Course details

Advanced Operating Systems

POSe Acad. year 2009/2010 Summer semester 5 credits

Basic concepts, operating system kernel, kernel structure. Processes and threads. Parallel programming and synchronization with a view to kernel synchronization. Synchronization tools and their usage. Deadlock, deadlock detection and prevention. Scheduling algorithms for uniprocessor systems. Memory management, virtual memory, paging, virtual memory implementation. Input/Output, synchronous and asynchronous I/O, drivers, optimalization of disk operations. File systems, disk space allocation, metadata structures, failure recovery, file system examples. Kernel security and protection.

Guarantor

Lampa Petr, Ing. (DIFS)

Language of instruction

English

Completion

Examination

Time span

26 hrs lectures
13 hrs pc labs
13 hrs projects

Department

Department of Information Systems (UIFS)

Subject specific learning outcomes and competences

Students are acquainted with the parallel programming using POSIX threads, usage of synchronization primitives, virtual memory and file system.

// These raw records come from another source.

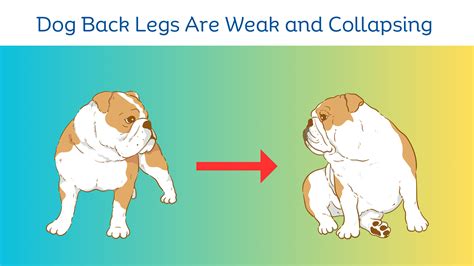 frenchie back legs not working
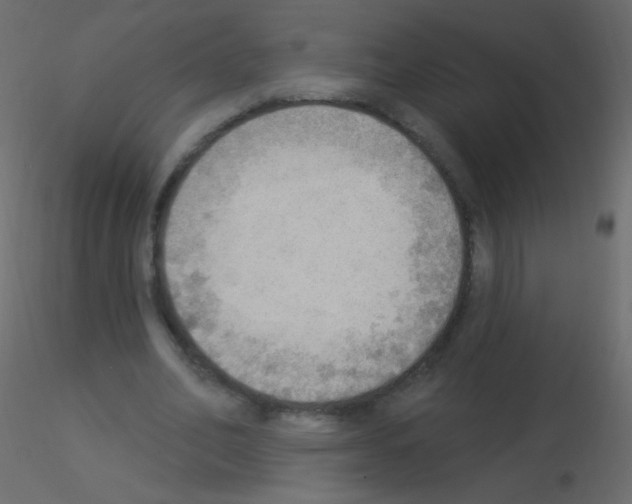 X0000115850582200912242039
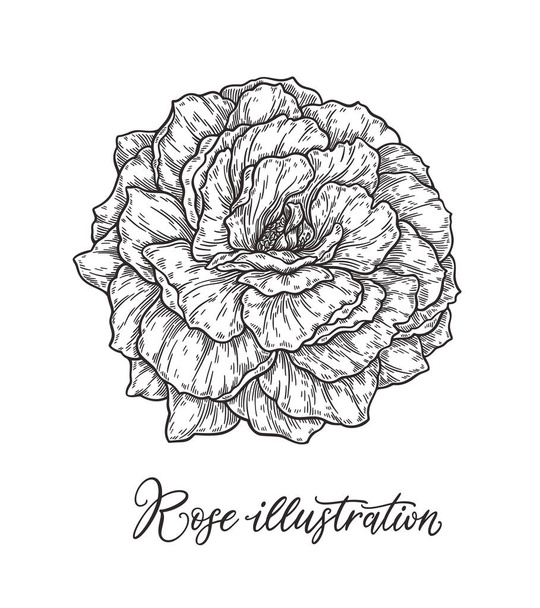 Rose flower hand drawn in lines. Black and white monochrome graphic doodle elements. Isolated vector illustration, template for design - ベクター画像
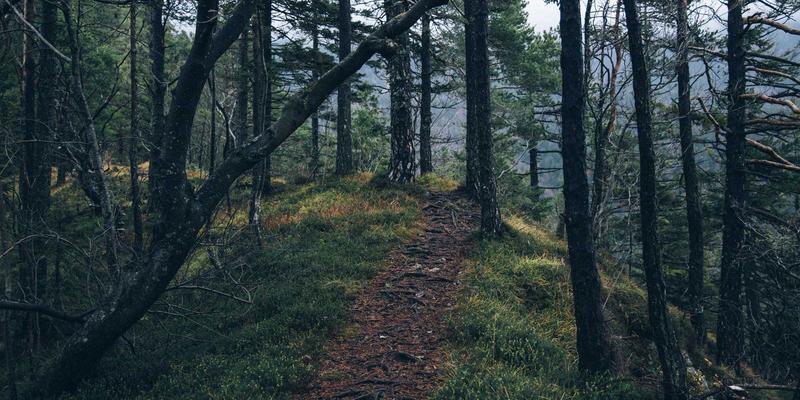 超越游戏攻略：从《极乐迪斯科》看PC游戏的文学性表达与叙事艺术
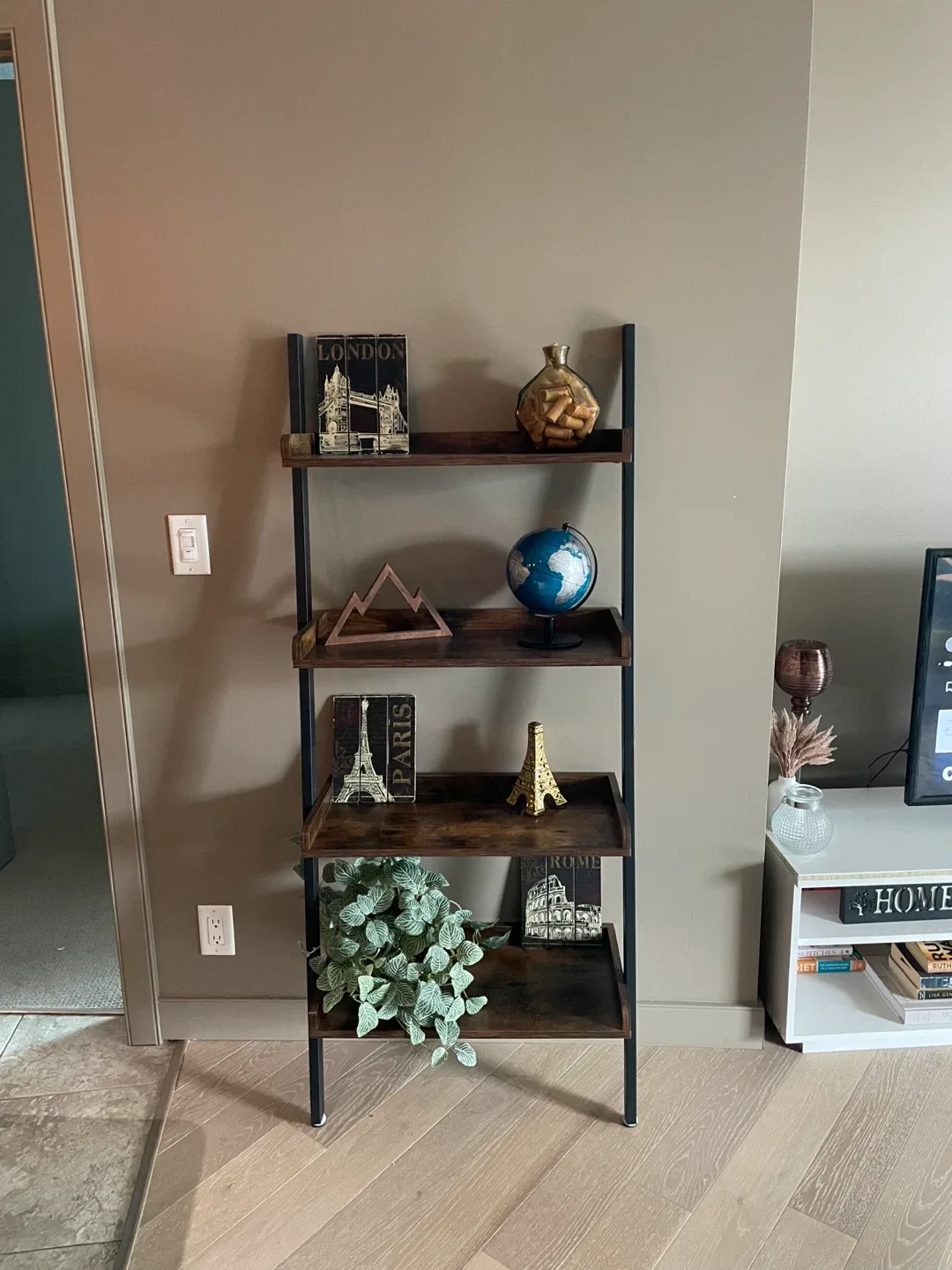 Ladder Shelf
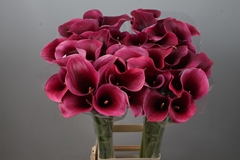 Zantedeschia Captain Promise 90cm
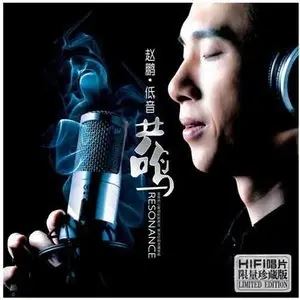 赵鹏专辑低音演唱者所有歌曲合集-16张专辑(2004-2020)无损音乐打包[FLAC/APE]百度云网盘下载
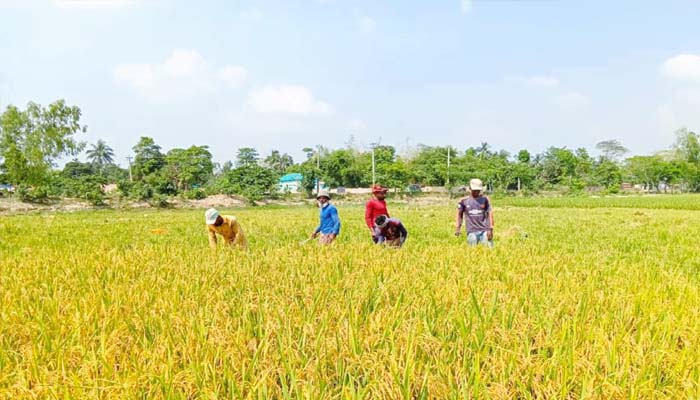 বানিয়াচংয়ের সোনালী ধানে স্বপ্ন বুনেছেন কৃষকরা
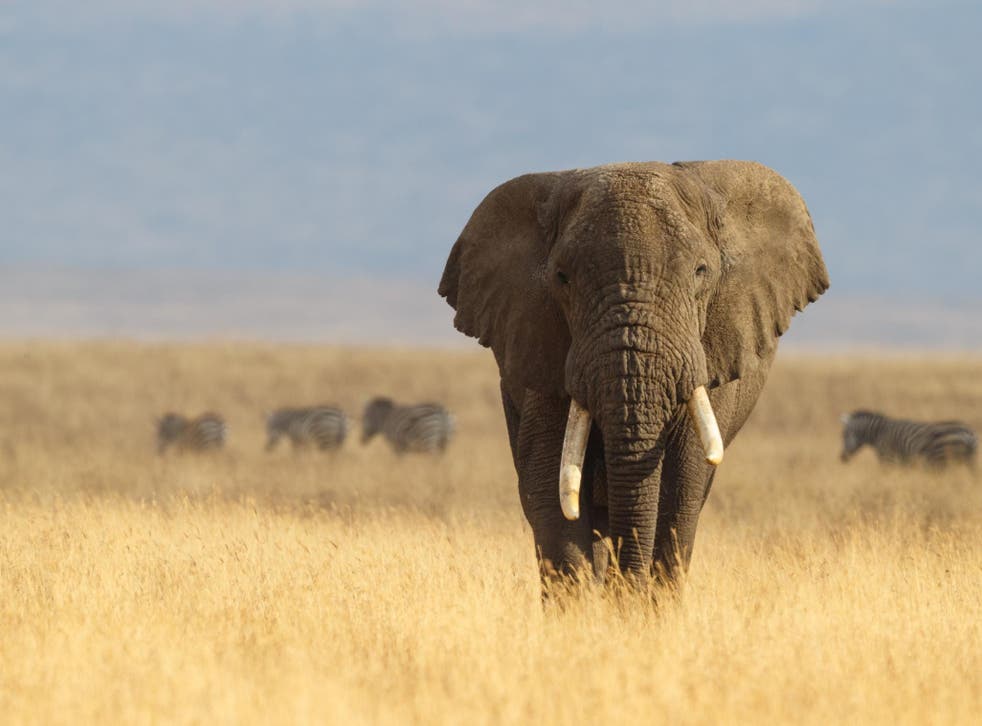 The culling of elephants in Africa was banned in 1995 but reintroduced in 2008 following a population boom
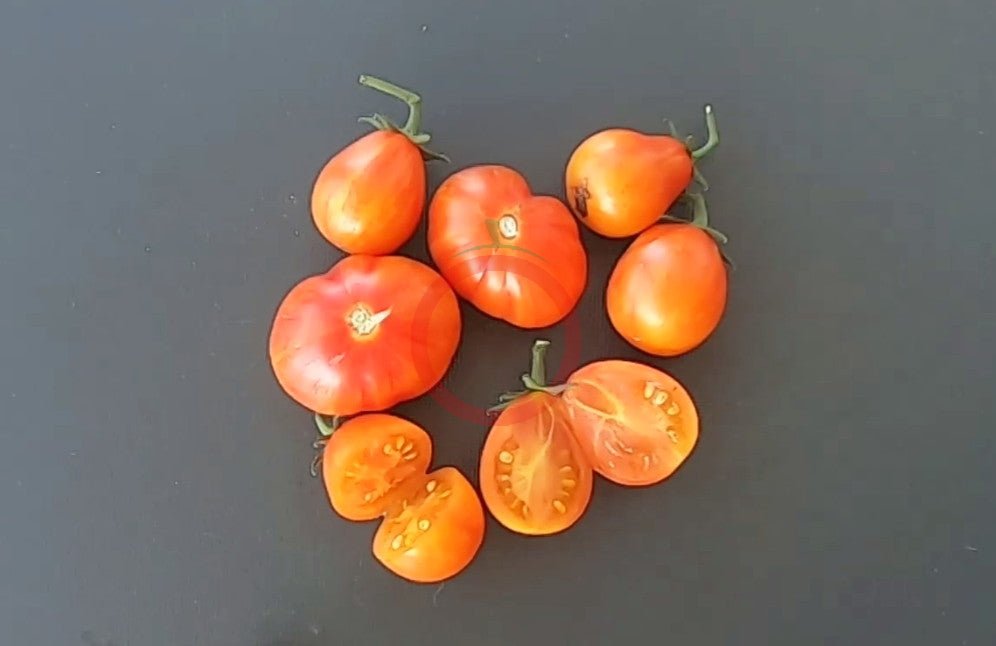 Starfire Isis DER TOMATENFLÜSTERER
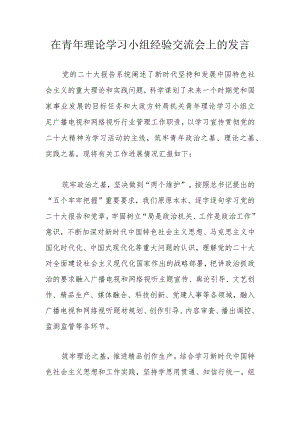 在青年理论学习小组经验交流会上的发言 .docx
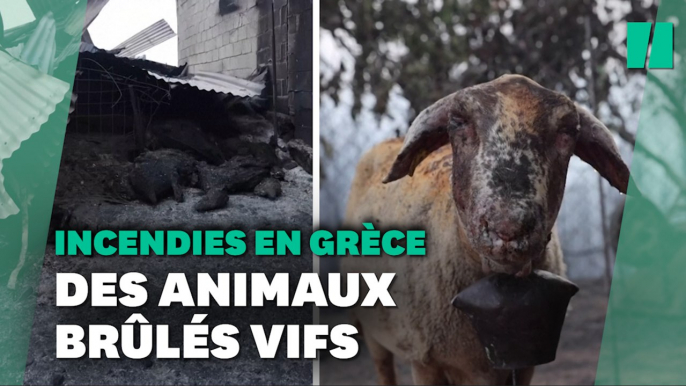 Incendies en Grèce: des moutons, lapins, chiens pris au piège par les flammes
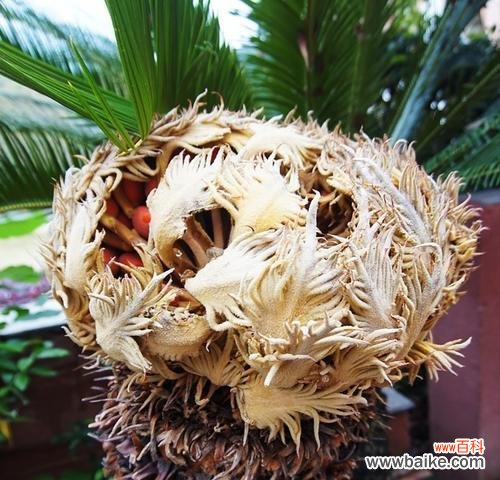 迎接希望的到来,重塑生命的力量 铁树开花——奇迹的降临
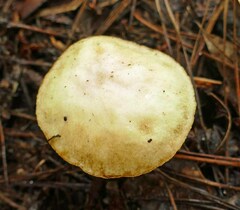 Suillus hirtellus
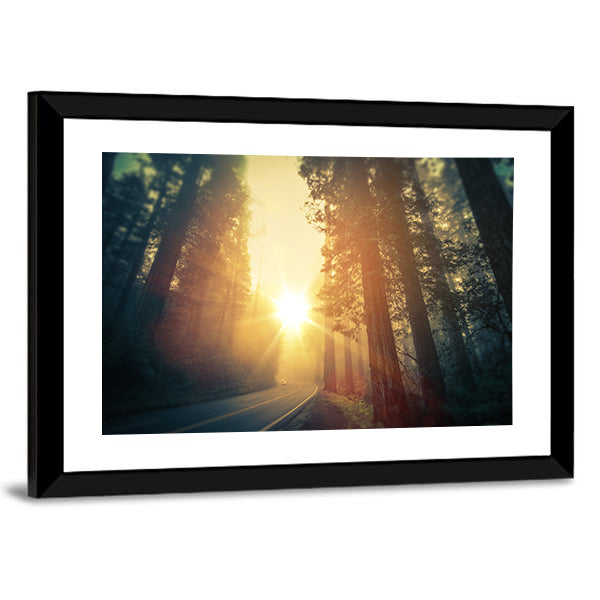 Foggy Redwood Forest Road Canvas Wall Art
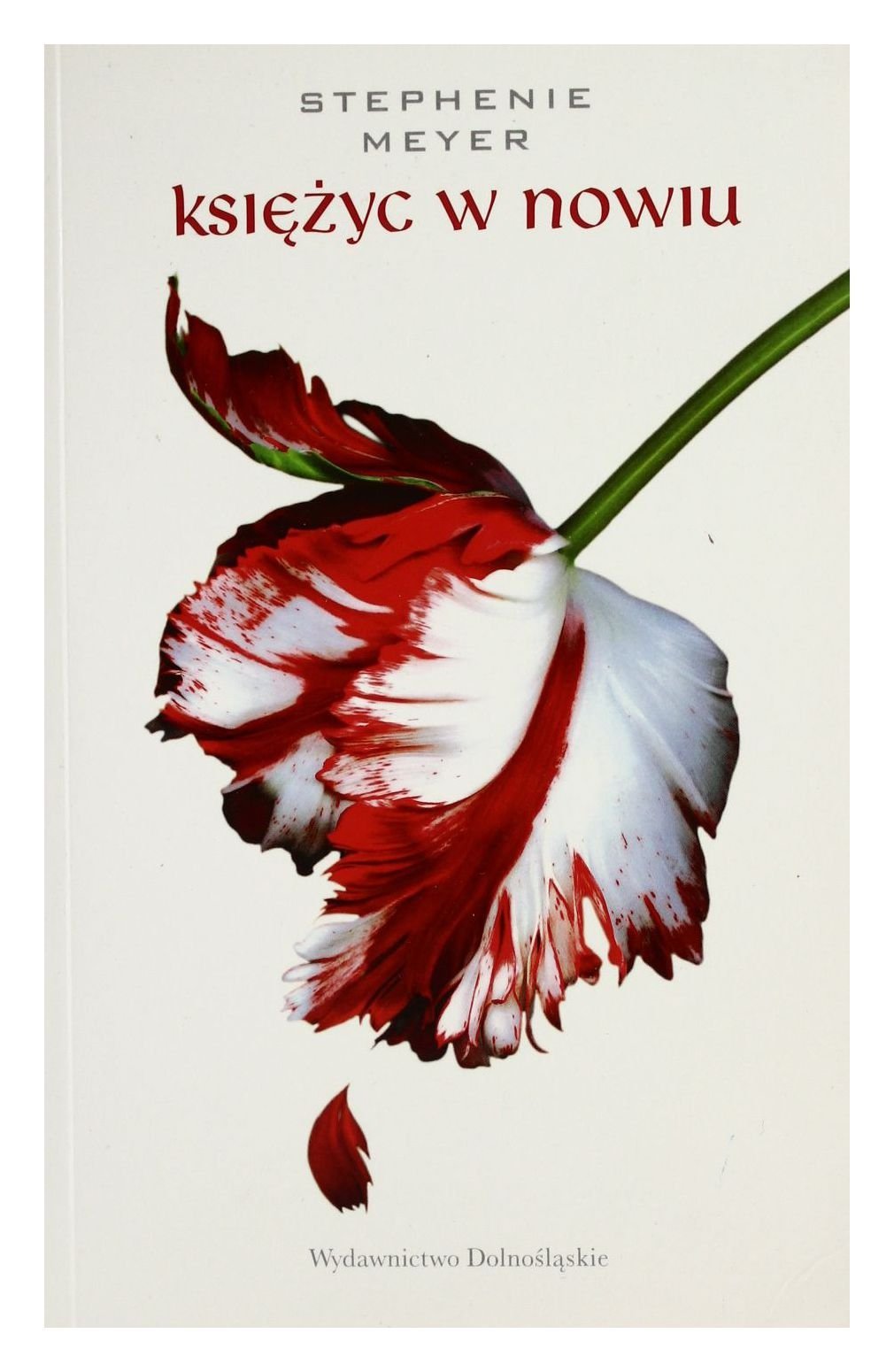 Product Image: KsięĹźyc w nowiu - Stephenie Meyer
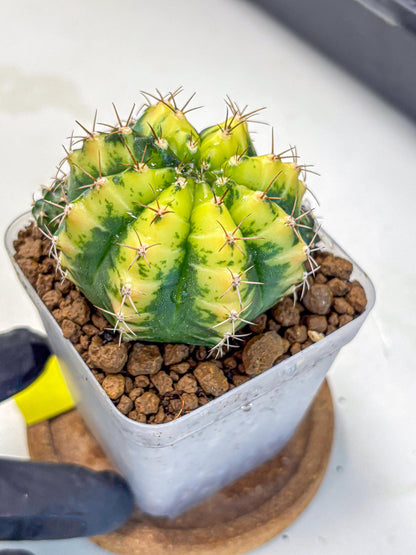 Gymnocalycium Sunflower (gy8) (r3) | Variegated cactus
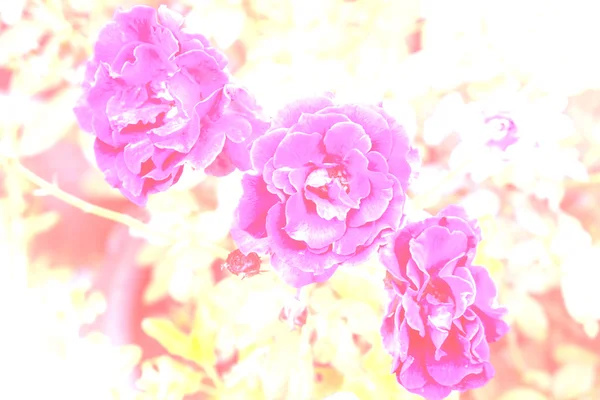 Blommande rosor — Stockfoto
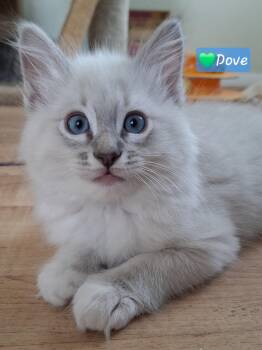 Maine Coon and Domestic Long Hair Cats Available for Adoption in Yorba Linda, California - ADOPTION EVENT, Saturday 5-30 | PetCurious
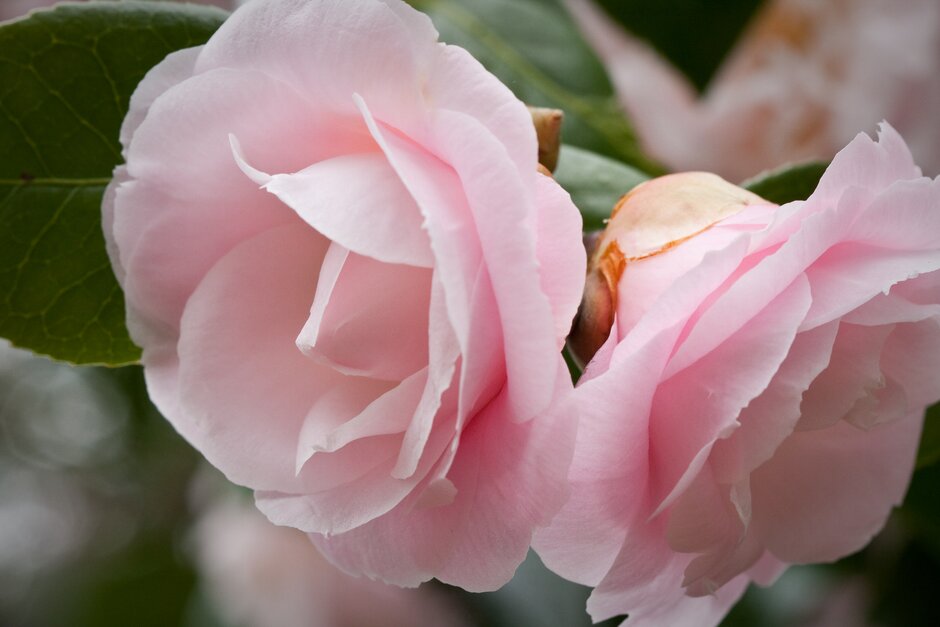 camellia 'Barbara Clark'
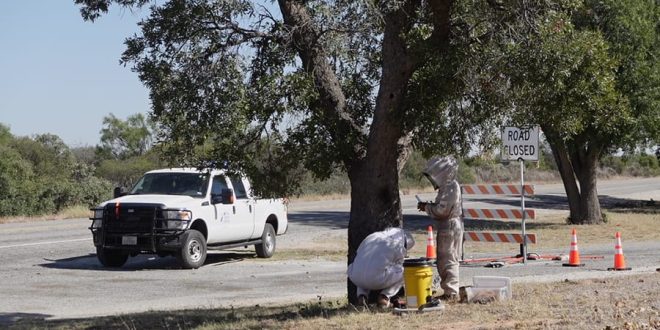 Protege TXDot a abejas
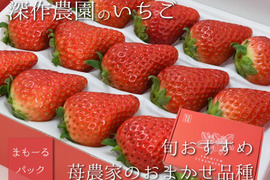 茨城いちごグランプリ3年連続受賞！　いちご農家おすすめの旬のいちご苺（いちご・イチゴ）【苺まもーるパック】
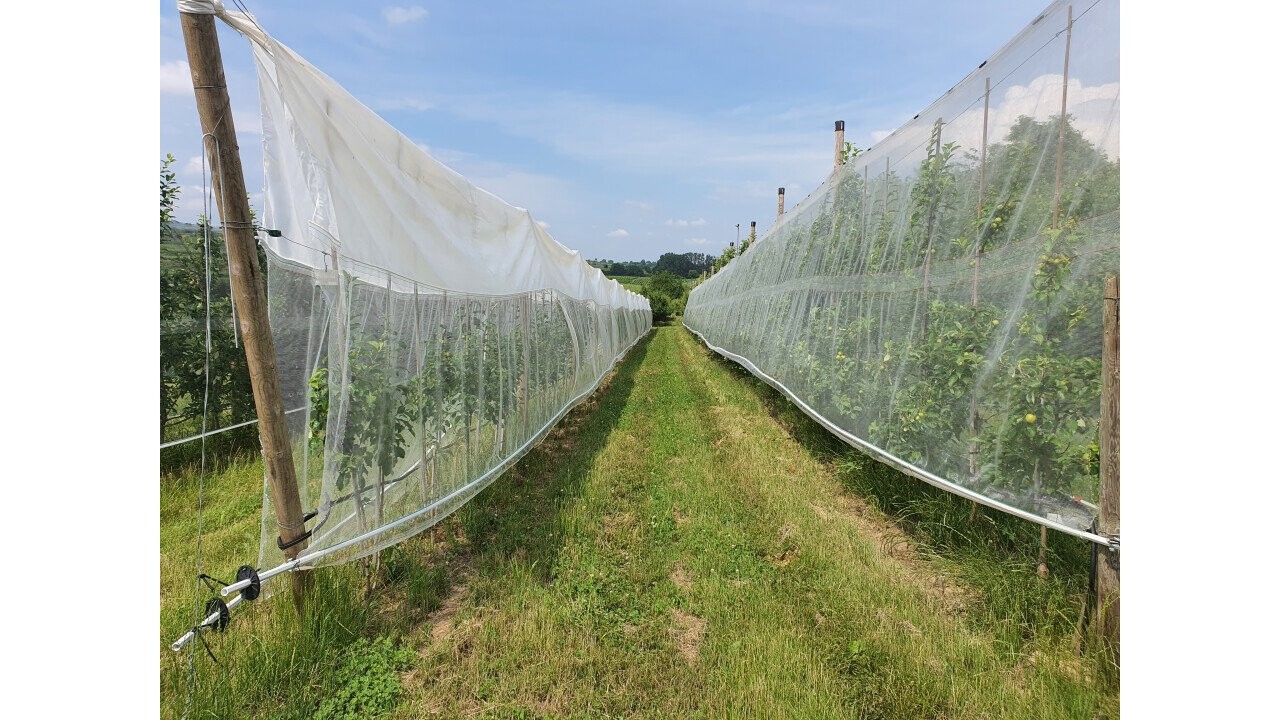 Left side Rain protection on top + Net Anti Codling moth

A deeper understanding of computer systems and system programming.

Learning objectives

The goal is to acquaint students with the principles and concepts that are used as a basis of modern operating system kernels.

Prerequisite knowledge and skills

Unix shell usage, C language programming in Unix environment, computer architecture, Intel x86 assembler, basic principles of operating systems.

Study literature

Bic, L., Shaw, A.C.: Operating Systems Principles, Prentice-Hall, 2003, ISBN 0-13-026611-6
Open Sources: Voices from the Open Source Revolution, O'Reilly, 1999, ISBN 1-56592-582-3
Love, R.: Linux Kernel Development, Second Edition, Pearson Education, 2005, ISBN 0-672-32720-1

Fundamental literature

Andrews, G.R.: Foundations of Multithreaded, Parallel, and Distributed Programming, Addison-Wesley, 2000, ISBN 0-201-35752-6
Bic, L., Shaw, A.C.: Operating Systems Principles, Prentice-Hall, 2003, ISBN 0-13-026611-6
Nutt, G.J.: Operating Systems: A Modern Perspective, Addison-Wesley, 2000, ISBN 0-201-61251-8
Vahalia, U.: Unix Internals: The New Frontiers, Prentice-Hall, 1996, ISBN 0-13-101908-2
Schimmel, K.: UNIX Systems for Modern Architectures: Symmetric Multiprocessing and Caching for Kernel Programmers, Addison-Wesley, 1994, ISBN 0-201-63338-8
McKusick, M.K., Neville-Neil, G.V.: The Design and Implementation of the FreeBSD Operating System, Addison-Wesley, 2004, ISBN 0-201-70245-2

Syllabus of lectures

Kernel structure, interface, system calls, context switch, interrupts, system interface, Unix systems interface, standardization, SVID, XPG.
Processes and POSIX threads, creating processes and threads, threads implementation.
Parallel programming, synchronization, synchronization basics, mutual exclusion using memory read&write.
Synchronization using special instructions on uniprocessor and multiprocessor systems with shared memory, priority inversion and solution.
Synchronization tools and programming languages frameworks, classical synchronization tasks and their solutions.
Processor scheduling, strategy, implementation, scheduling algorithms for uniprocessor systems.
Resource allocation, deadlock, deadlock avoidance, solutions for CR and SR systems.
Memory architecture, paging, page tables and TLB.
Virtual memory, paging algorithm, page replacement algorithms.
Practical aspects of virtual memory - code sharing, memory sharing, locking, dynamic libraries, file mapping, kernel memory.
Input and output, drivers, synchronous and asynchronous operations, disk I/O optimization.
Files systems, organization, space allocation, free space allocation, failure recovery, Unix file systems, BSD FFS and log based file systems.
Security and protection, system access, data protection, security risks.

Progress assessment

Study evaluation is based on marks obtained for specified items. Minimimum number of marks to pass is 50.

Controlled instruction

Projects have to be submitted before the deadline, late project submission will be graded 0 points.